I assembled my layout [15 feet by 16 feet] by gluing the track to foam [no underlay] glued to 3/8 plywood [Dap caulking] … I also set the ballast [and ground foam] with a mix of Dap caulking, water, and alcohol …

No rigid adhesives, no nails anywhere , it’s actually rather quiet … :slight_smile:

I use a floor underlayment called easy mat. And it is 3/16 thick, same as cork. Has a peel and stick bAcking. And kills noise. Which is what it is designed to do. I handlay my track and it holds nails very well. Per strip it is cheaper than per strip of cork. Even quiets down pink foam.

You bring up a very good point. I have been trying to find a flexible adhesive that will allow me to reposition the track in the future. Do you have any recommendations?

I had the intention of using topper tap on my current build. I abandoned it. It was too sticky, too hard to shape curves without folding and distortions. It’s not intended for the purpose to which we want to put it. It is meant to be laid straight, not curved.

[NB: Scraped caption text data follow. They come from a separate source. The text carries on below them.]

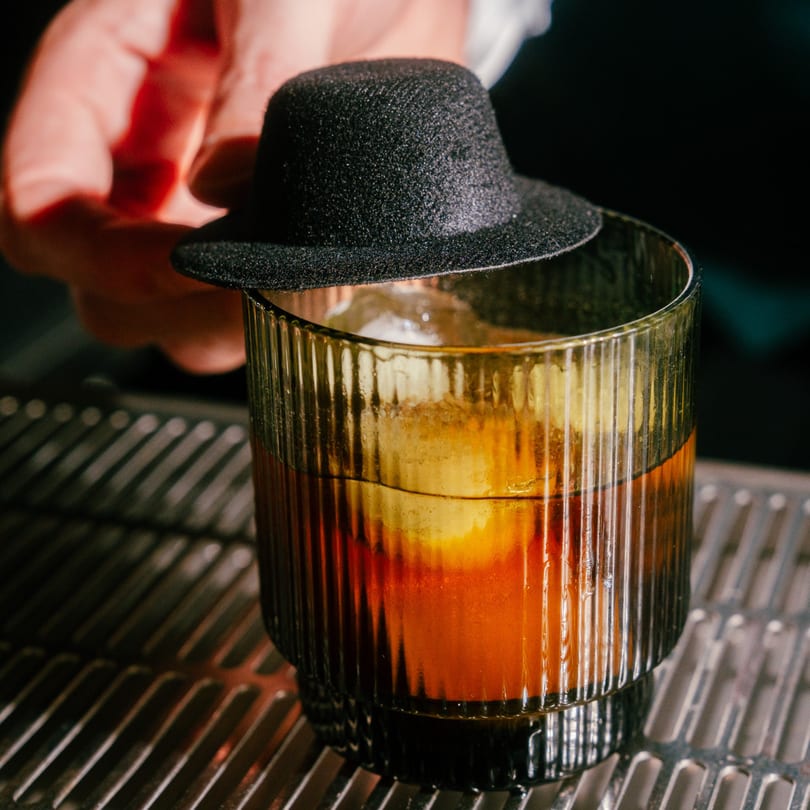 A hand places a miniature black fedora hat on top of a cocktail in a ribbed glass.
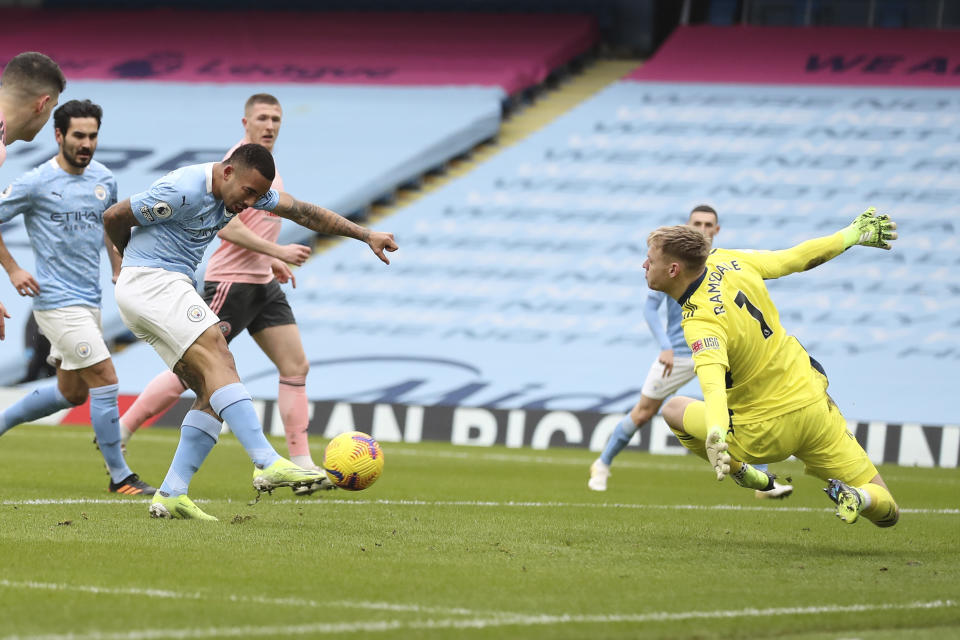 Manchester City's Gabriel Jesus scores his side's opening goal during the English Premier League match between Manchester City and Sheffield United at the the City of Manchester Stadium in Manchester, England, Saturday, Jan. 30, 2021. (Martin Rickett/Pool via AP)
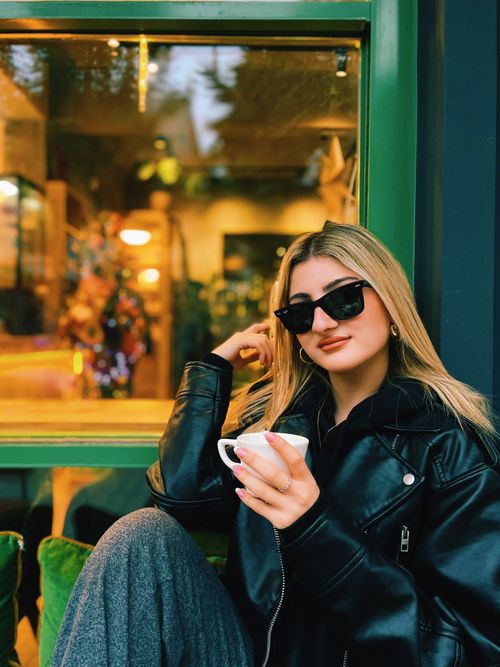 Free Woman in sunglasses savoring coffee outside a cozy café with vibrant Christmas decor. Stock Photo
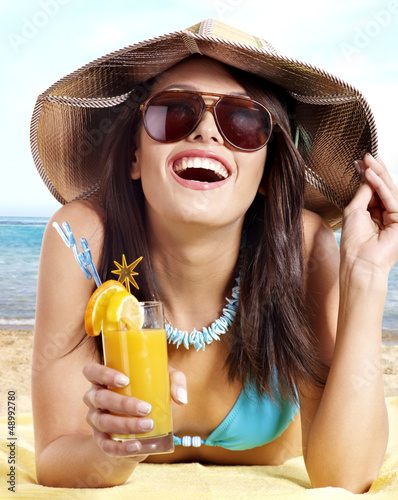 Photo: Girl in bikini on beach drinking cocktail. Girl in bikini on beach drinking cocktail.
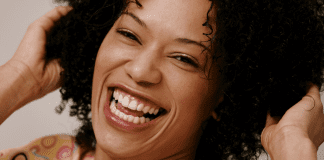 Take Some Time to Laugh Today A woman laughing.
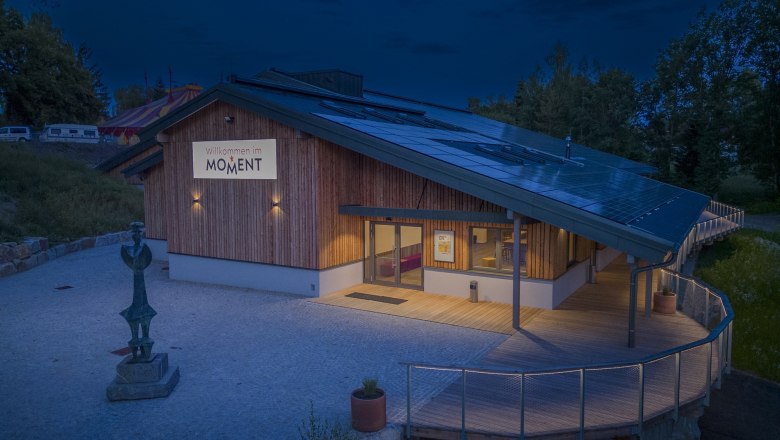 A modern building with wooden cladding and solar panels on the roof, illuminated at dusk. A sign with the inscription 'Welcome to MOMENT' is visible.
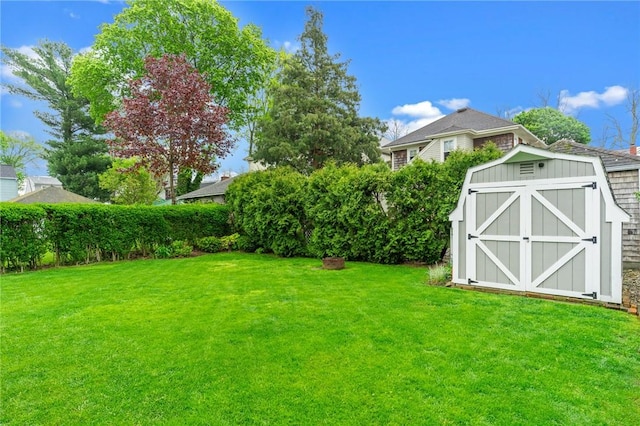 view of green lawn with a storage shed and an outdoor structure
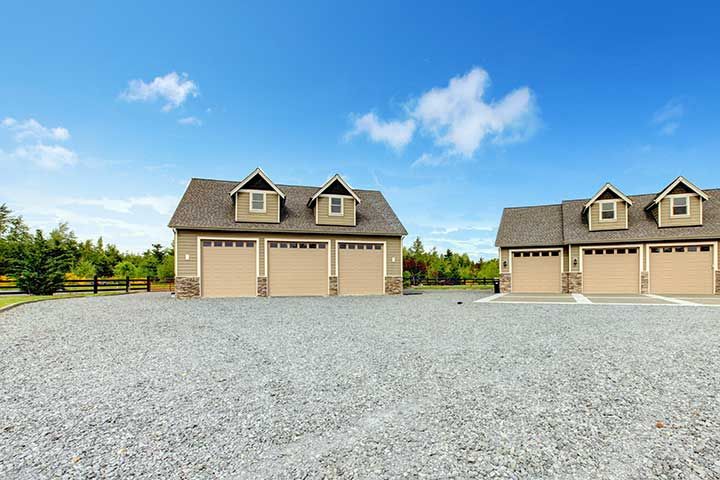 Large farm country house with gravel driveway 
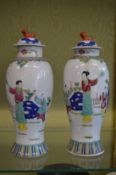 A pair of Famille Rose baluster shaped vases and covers.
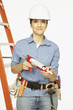 Hispanic female construction worker holding caulking gun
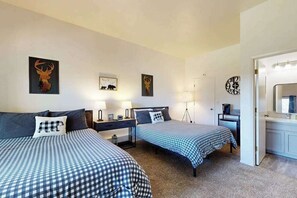 Une chambre d’hôtel avec deux lits, un bureau, une chaise, une lampe et une horloge au mur.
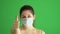Masked woman protects himself from epidemic. Young female wearing medical mask at green screen. Close-up portrait at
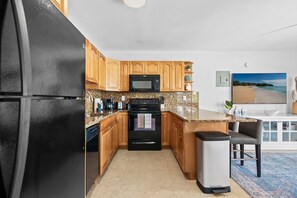 A modern kitchen with wooden cabinets, a black refrigerator, a microwave, and a granite countertop.
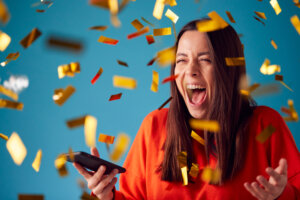 Celebrating,Young,Woman,With,Mobile,Phone,Winning,Prize,And,Showered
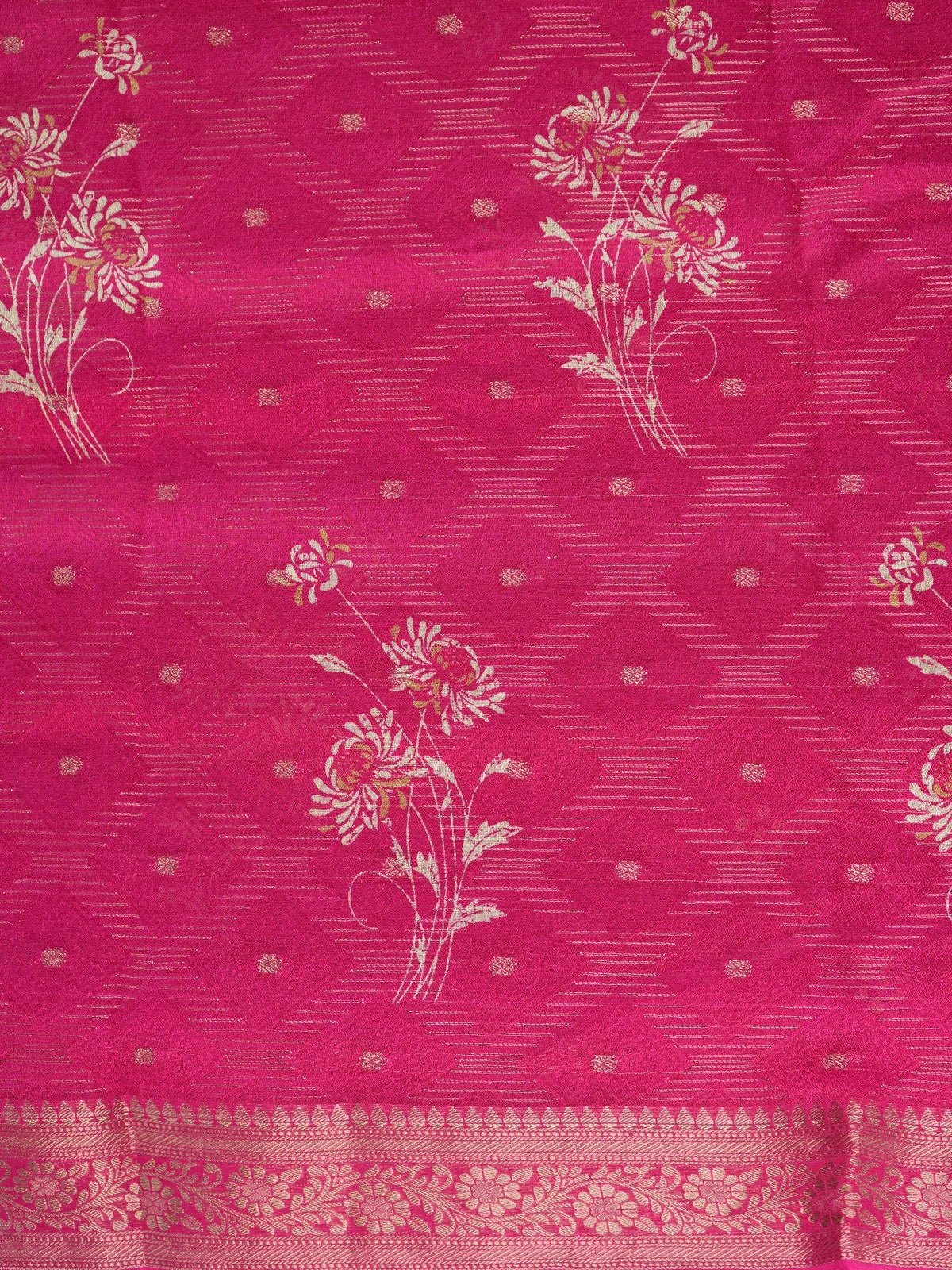 Rani pink designer saree with floral motifs, gold zari butti and woven zari border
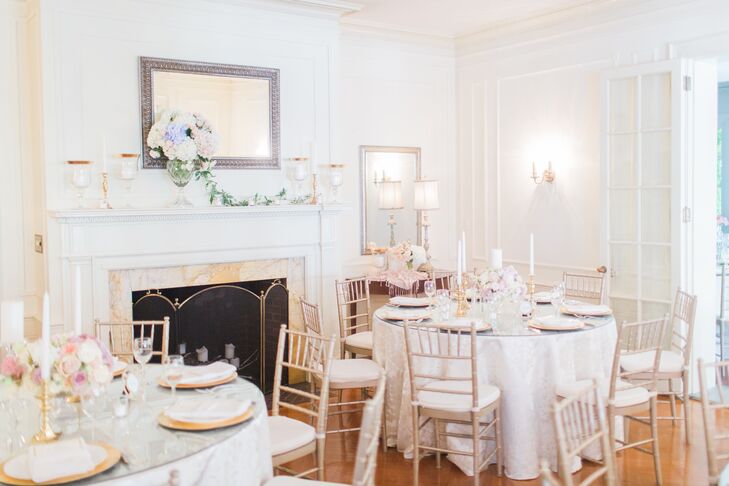 Gold chiavari chairs were used to play up the simplicity of the all-white room, where guests dined on watermelon and grapefruit mocktails during dinner.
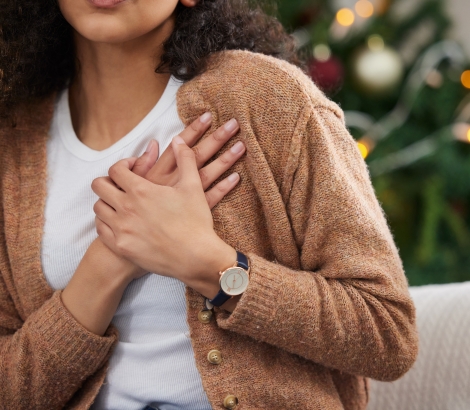 young woman holding her chest in pain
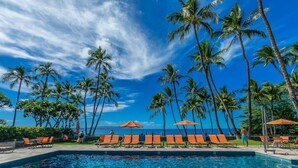 A poolside area with lounge chairs and umbrellas, surrounded by palm trees and a clear blue sky. - Wailea Elua by Coldwell Banker Island Vacations (Kihei)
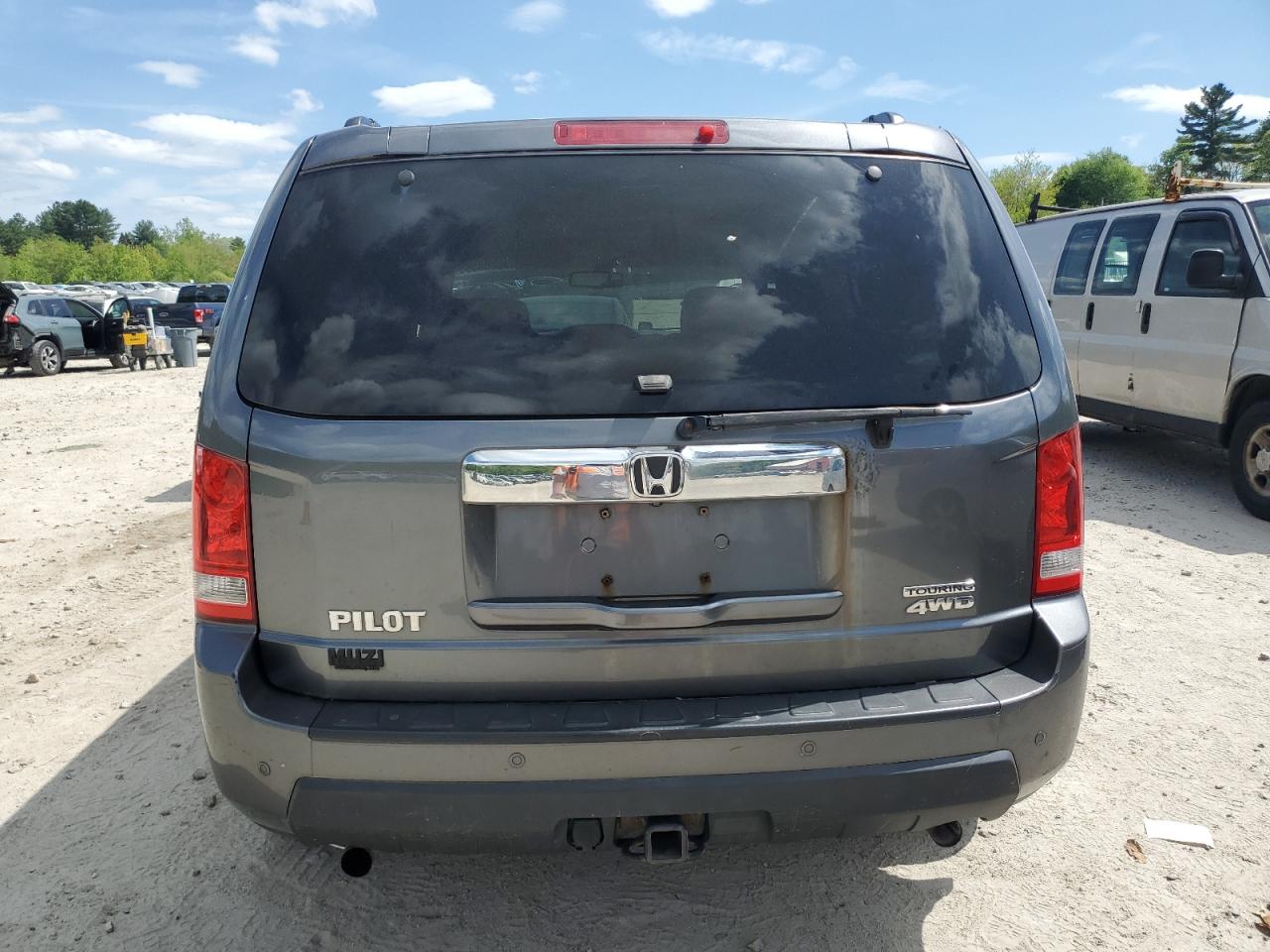 2011 Honda Pilot Touring VIN: 5FNYF4H91BB104027 Lot: 56286595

I don’t have a lofty experience to call on in the hobby, but what I have has taught me that cork is a truly excellent silencer. So is foam. The trouble isn’t those two, even if used in combination for Tim the Tool Man’s ‘more power’. The trouble is that, when we go to ballast, we impose a rigid shell over our silencing foam/cork and creat a sound box that is (enter figure relating to length of ballasted tracks on your layout) long.

If your goal is to have silent, barely clickety-click, running on your layout, you would need to first lay a thin cork sub-roadbed. It should be wide enough to accommodate all your ballast, including double or triple mains wide. Atop that you place your preferred roadbed, even plywood if you wish. Apply tracks, ballast, and you’ll have fairly quiet running. But, if you use an adhesive, and then a topper or usual roadbed, which now has two densities of cancelling sound properties (dual density works best, which I can explain later if you wish), you’ll undo it all with that hard shell of ballast over it that makes contact with the platform on which the roadbed rests.

DAP Alex Plus with silicone. The stuff that dries ‘clear’. It works far better than any of the ‘coloured’ ones, trust me. The stuff that is labeled clear is actually white squeezed out of the tube, but it will dry clear, if very slightly yellow. Most importantly, it is flexible and easily sliced through with an old butcher knife.

The trick, as always, whether using it to fix foam/cork into place, or the tracks they support, is to keep the amount to a minimum. You lay a single thin-ish bead, along the length of roadbed, then smear it thin like paint. That’s all you need.

You can’t really bend it laterally whether it bends or not and preserve the point of using it. You need to cut wedges or notches toward the inside radius, as in bending moldings, or cut and miter-bevel a series of straight pieces and abut them.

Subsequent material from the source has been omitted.